Center for Melanoma Massachusetts General Hospital Cancer Center 55 Fruit Street, Boston, MA 02114, USA.
Eur J Cancer. 2013 Apr;49(6):1297-304. doi: 10.1016/j.ejca.2012.11.019. Epub 2013 Jan 2.
BRAF mutations are identified in 40-50% of patients with melanoma. Treatment of these patients with either of two BRAF inhibitors (vemurafenib, dabrafenib) or the MEK inhibitor trametinib is associated with improved clinical benefit (response rate, progression free survival, and overall survival) compared with treatment with chemotherapy in three phase III trials. Unfortunately, most patients, including those who experience initial, profound tumour regression, have evidence of disease progression within 6-8 months after commencing therapy with one of these agents. The mechanisms of resistance are varied and include activation of alternative signalling pathways as well as reactivating the MAP kinase pathway through alternative means. This review describes relevant aspects of MAP kinase pathway signalling, summarises the clinical data with BRAF and MEK inhibitors, presents the known resistance mechanisms to BRAF inhibitor therapy, and provides some strategies for how resistance may be overcome.

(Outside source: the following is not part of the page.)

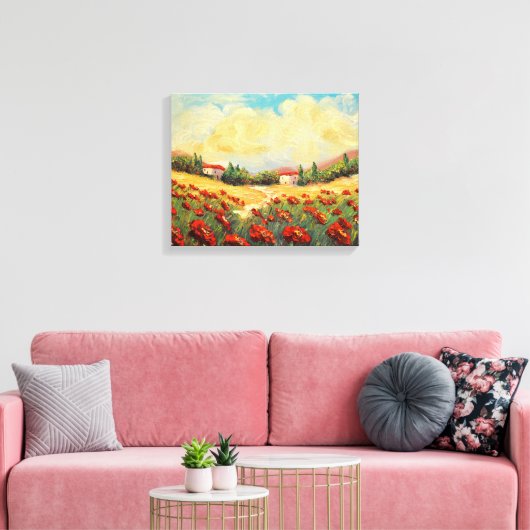 Frans land rode papavers impressionistische canvas afdruk (Insitu (Woonkamer))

BRAF 突变在 40-50%的黑色素瘤患者中被发现。与化疗相比,在三项 III 期临床试验中,用两种 BRAF 抑制剂(vemurafenib、dabrafenib)或 MEK 抑制剂 trametinib 治疗这些患者,可改善临床获益(缓解率、无进展生存期和总生存期)。不幸的是,大多数患者,包括那些最初经历明显肿瘤消退的患者,在开始使用这些药物之一治疗后 6-8 个月内均有疾病进展的证据。耐药机制多种多样,包括激活替代信号通路以及通过其他方式重新激活 MAP 激酶通路。本文描述了 MAP 激酶通路信号的相关方面,总结了 BRAF 和 MEK 抑制剂的临床数据,介绍了 BRAF 抑制剂治疗的已知耐药机制,并提供了一些克服耐药的策略。